** Source material follows **

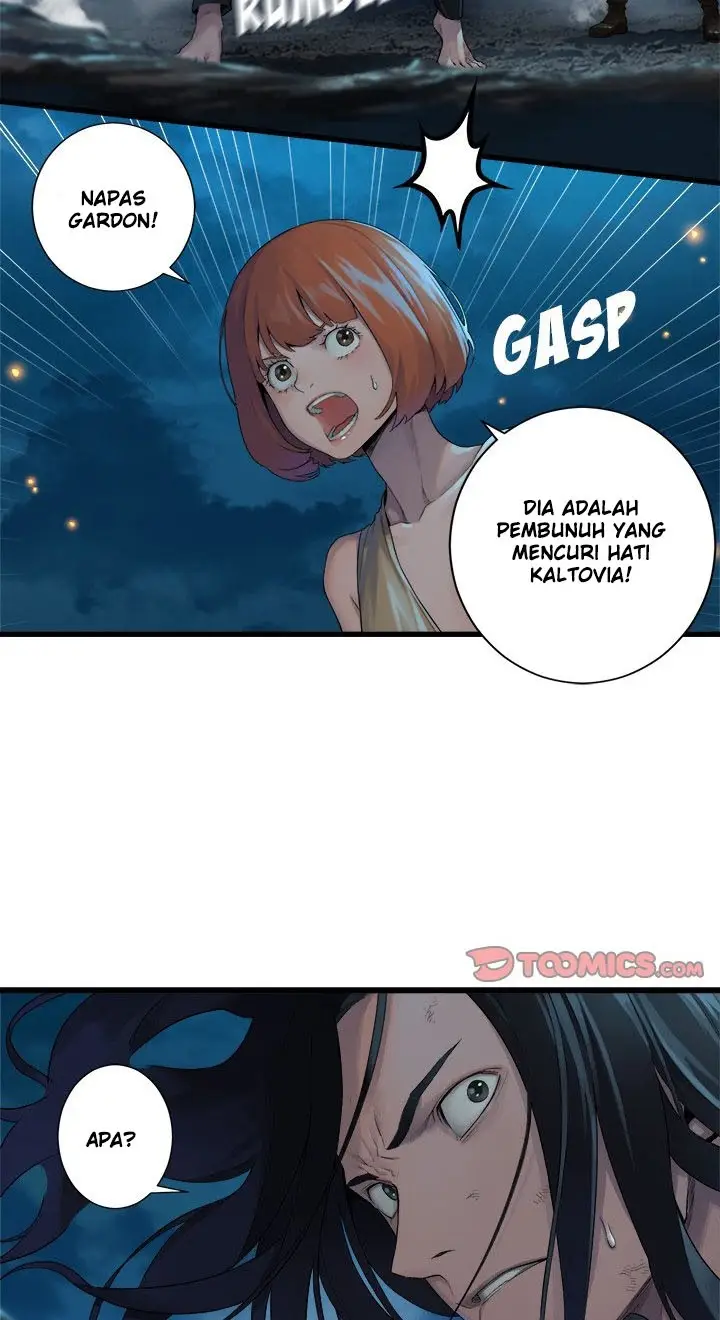 image-komik-her-summon-chapter-87-6/42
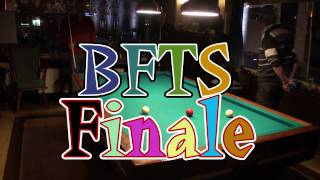 BFTS biljartfinale Terneuzen [upl. by Brawner540]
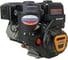 Двигатель KP460 (192F-2T) D25, 11А фильтр зима-лето LIFAN 00-00154389 8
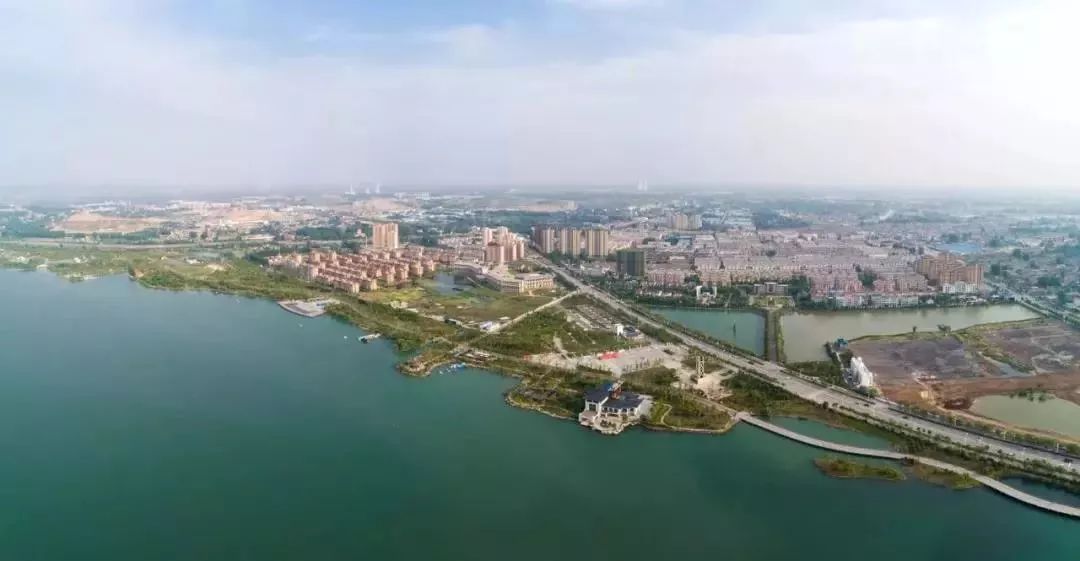 淮北新汽车站什么时候运营,淮北原来的社会客运站在哪里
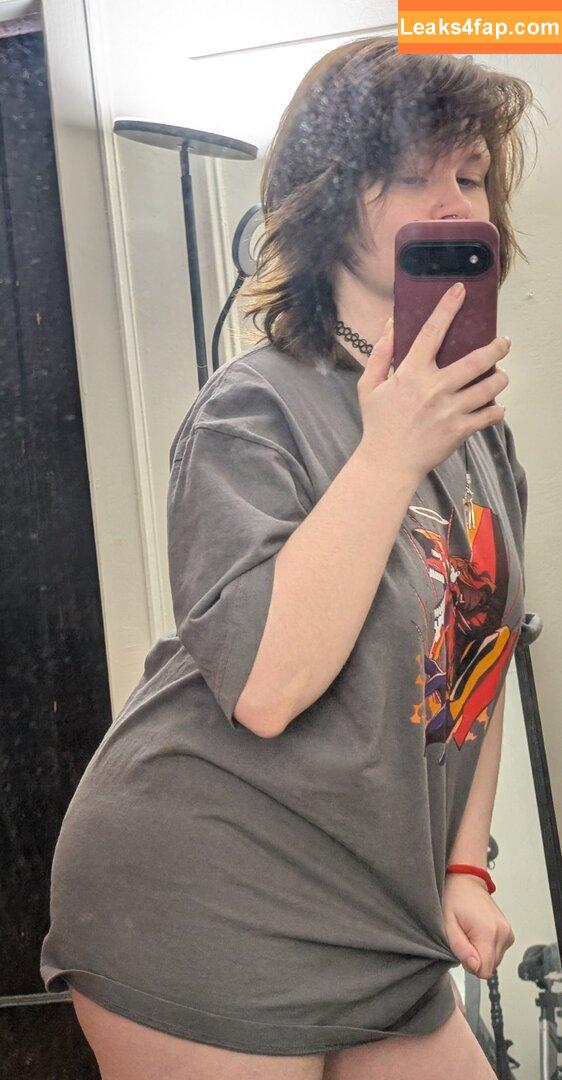 Pettanhon / angelpopx3 leaked photo photo #0180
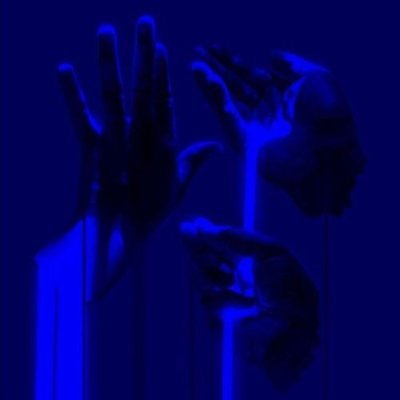 HOUSE / TECH HOUSE PRODUCER FROM SOUTH FLORIDA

** End of Source material **

Your copy should match the records above exactly, except that it contains no pictures.

 image-komik-her-summon-chapter-87-6/42
 BFTS biljartfinale Terneuzen [upl. by Brawner540]
 Двигатель KP460 (192F-2T) D25, 11А фильтр зима-лето LIFAN 00-00154389 8
 淮北新汽车站什么时候运营,淮北原来的社会客运站在哪里
 Pettanhon / angelpopx3 leaked photo photo #0180
 HOUSE / TECH HOUSE PRODUCER FROM SOUTH FLORIDA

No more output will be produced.